上級編・・・・・・・・・・・・・・・・・・・・・・・・・・・・・・・

◆Travel : Nolita, New York City
今週号のTravelのコーナーでは、ニューヨークはマンハッタン南部のノリータ地区を訪ねます。ノリータとはNorth of Little Italyの略で、かつてはリトル・イタリーの一部と見なされてきました。しかしその後、若いエリートサラリーマンである「ヤッピー」たちが集まるようになり、おしゃれで親しみやすいエリアに様変わりしたそうです。多彩なレストランが集まり、イタリアンやメキシカンなど様々な味に出合うことができるのが大きな魅力ですが、旅の筆者にもお気に入りのお店があるようで、そのいくつかを紹介してくれています。文化の香りが漂う数々の施設のほか、都会の一角でほっと一息つける公園もあり、一度知ってしまうと、その独特な魅力にひかれ、何度でも訪れたくなるのだそうです。活力あふれる写真の数々と合わせて、旅行記をお楽しみください。

◆News
毎月第2週以降、経済、科学、文化、スポーツなどの多彩なニュースをお届けします。今週は環境関連のニュースを特集しました。1・5度の気温上昇に警鐘を鳴らした「国連気候変動に関する政府間パネル(IPCC)」の特別報告書のニュースのほか、このまま温暖化が進めばビールが高級品になってしまうというユニークな視点の報道を紹介しています。

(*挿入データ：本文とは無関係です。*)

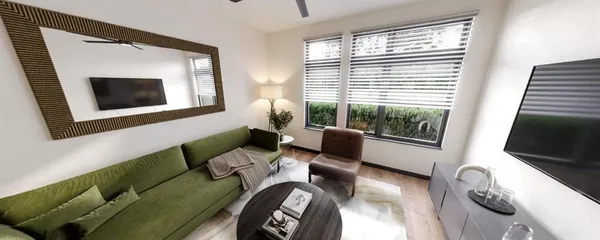 $2,486 | 1881 2nd Avenue, Unit 2201, Decatur, GA 30032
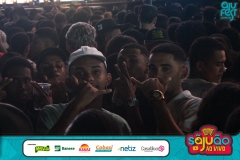 Arraia-do-Povo-02.06.2026-Ajufest-198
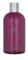  Fiery Pink Pepper Bath & Shower Gel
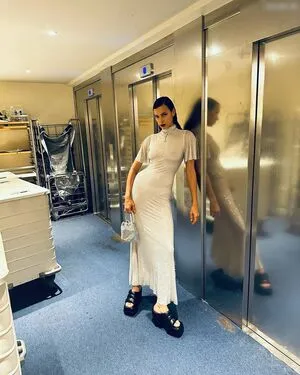 Oops International OnlyFans Leaked Free Thumbnail Picture - #CAb7dF4S9V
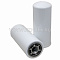  SF-FILTER SPH12522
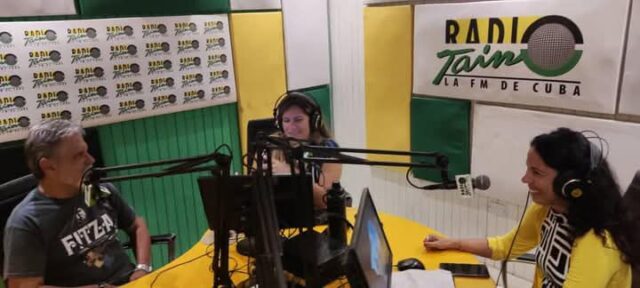 503374735_1251502896980251_1760415162548657304_n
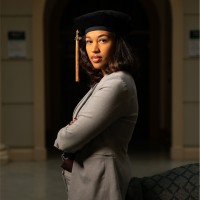 Regina Williams, Esq.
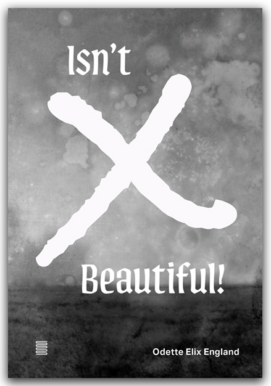 ISNT-X-BEAUTIFUL-front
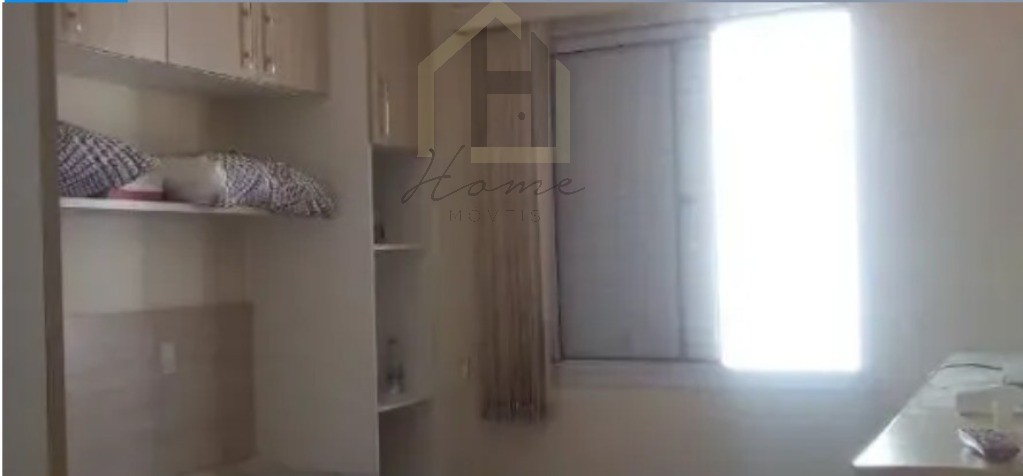 Apartamento, 2 quartos, 70 m² - Foto 9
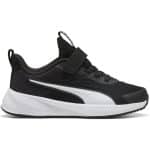 PUMA Flyer 4 AC+ PS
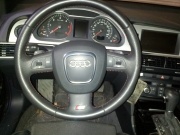 IMG 20120218 163341.jpg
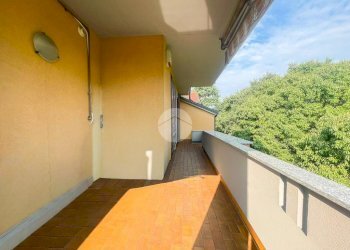 Bilocale Via Cusani, Cusano Milanino - foto 6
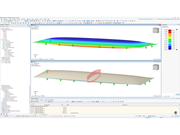 KB 2008 | LK 3 - Wyniki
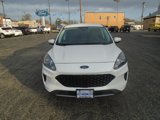 Used 2021 Ford Escape SE w/ Convenience Package image 3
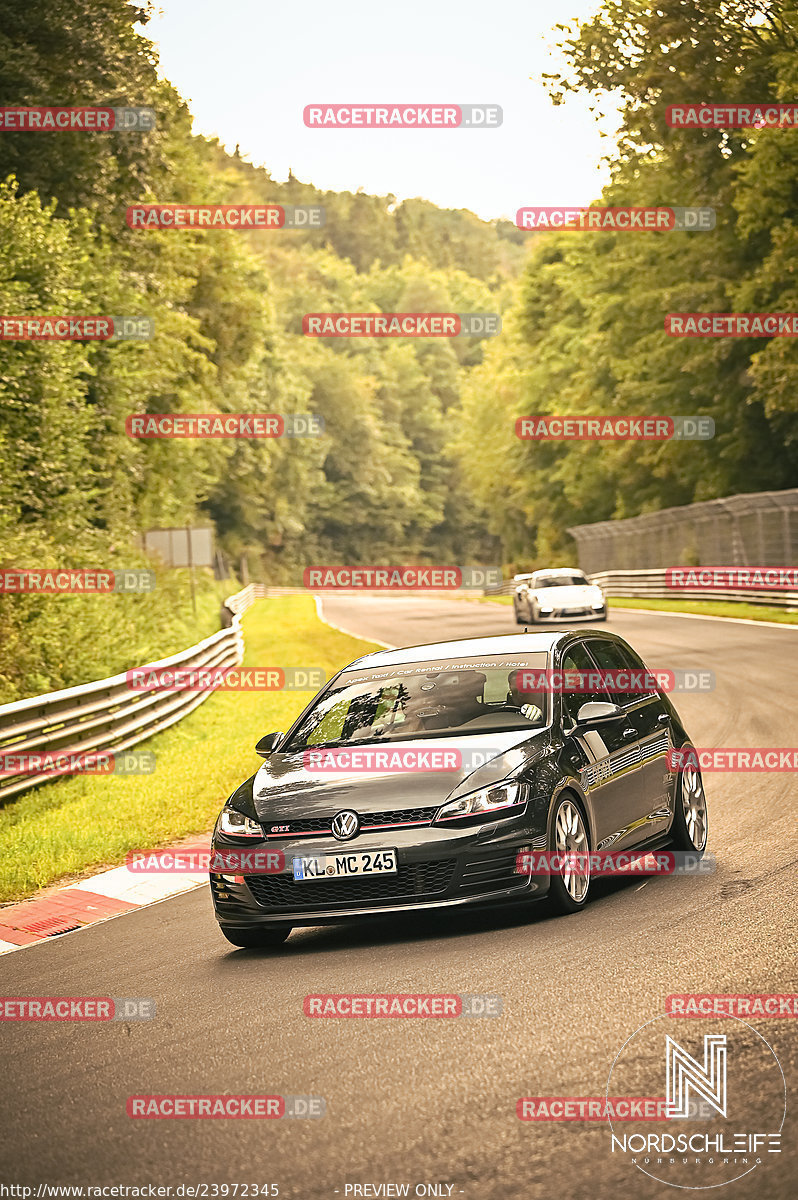 Bild #23972345 - Touristenfahrten Nürburgring Nordschleife (22.08.2023)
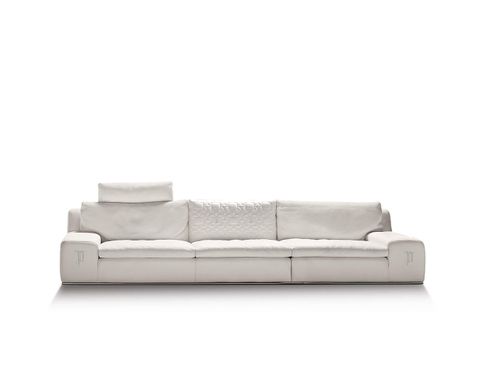 SOFA NILO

◆Weekly Picks  現代アート作品、落札直後に細断 なぞの作家バンクシーの狙いは?
フィーチャーストーリーや、ニュースを深く掘り下げた解説を紹介するコーナーです。今週号では、世間を大きく騒がせている覆面アーティスト、バンクシーをめぐる記事を取りあげます。このほど、代表作とされるキャンバス画の「少女と風船」が、オークションで落札された直後に、額縁に仕掛けられたシュレッダーで細断されてしまいました。実は、作家自身の仕業だったことが判明し、その意図を巡って、様々な意見が飛び交っています。オークションで落札した人も、そのまま作品を購入する運びだと言い、今回の騒動で、バンクシーへの評価はさらに高まったとも言われます。専門家の見方を紹介します。